Reengineering Life is a series from OneZero about the astonishing ways genetic technology is changing humanity and the world around us.
The advent of CRISPR in recent years has introduced the prospect of using gene editing not only to treat disease but to prevent it altogether. By tweaking the genes of a human embryo, it would be possible to make the resulting baby — and generations to come — free of certain inherited diseases.
For now though, the technology is not yet mature enough to do so safely, according to an international commission of scientists and ethicists in a much-anticipated new report. They conclude that edited human embryos should not be used to create a pregnancy until scientists can establish that precise genetic edits can be made reliably without introducing unintended changes.

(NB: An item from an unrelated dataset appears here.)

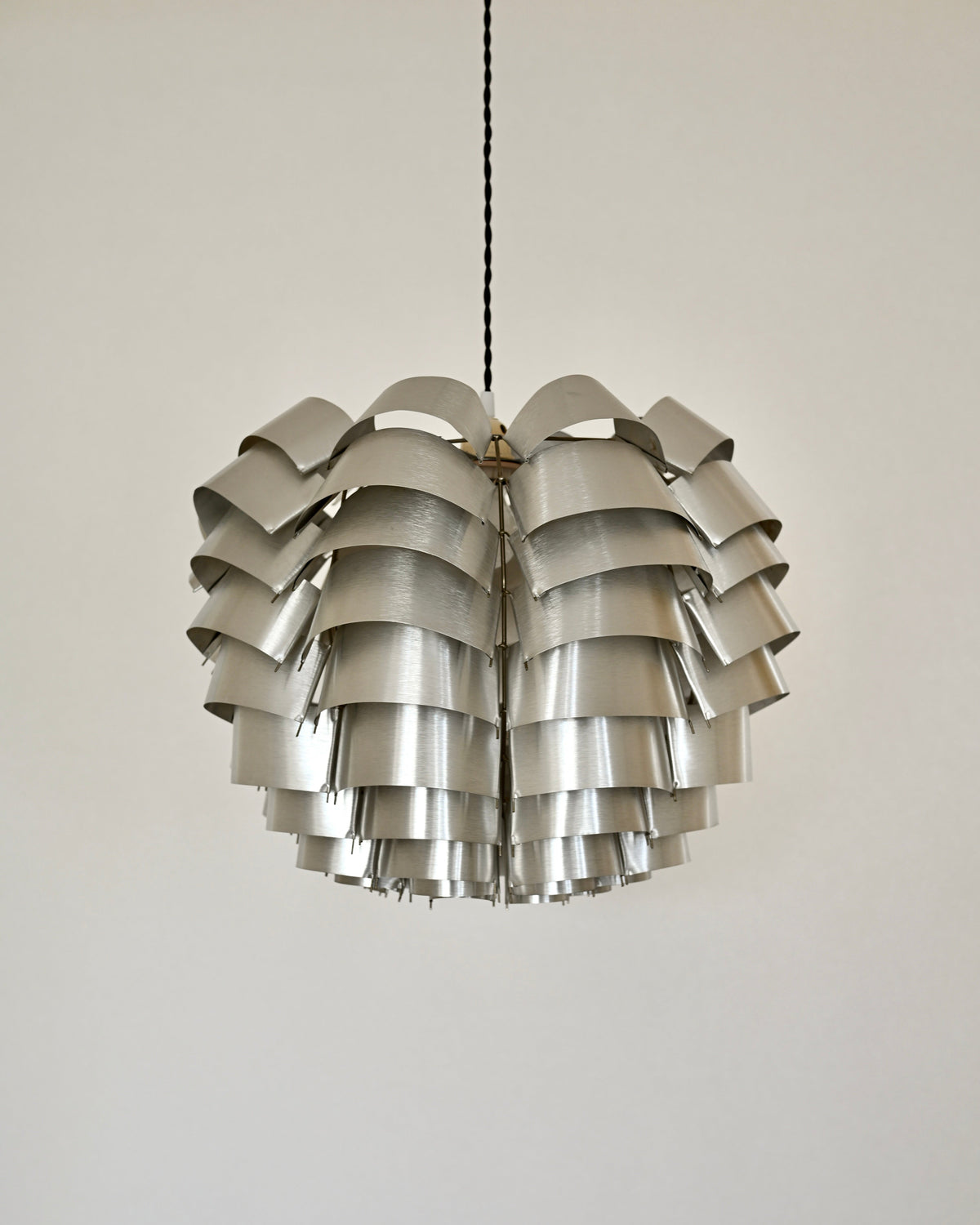 Max Sauze “Orion” Silver Aluminum Pendant Lamp, France, 1970s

Even then, the authors say gene editing in embryos should only happen in very specific and limited circumstances. If a nation does allow “heritable human genome editing,” its initial uses should be limited to the prevention of serious diseases caused by a mutation in a single gene — such as cystic fibrosis, sickle cell anemia, muscular dystrophy, or Tay-Sachs disease. For these cases, the report suggests, embryo editing should be used to help couples with little to no chance of having a healthy, biologically related child. These situations, in which both parents harbor the same disease-causing mutation, are rare.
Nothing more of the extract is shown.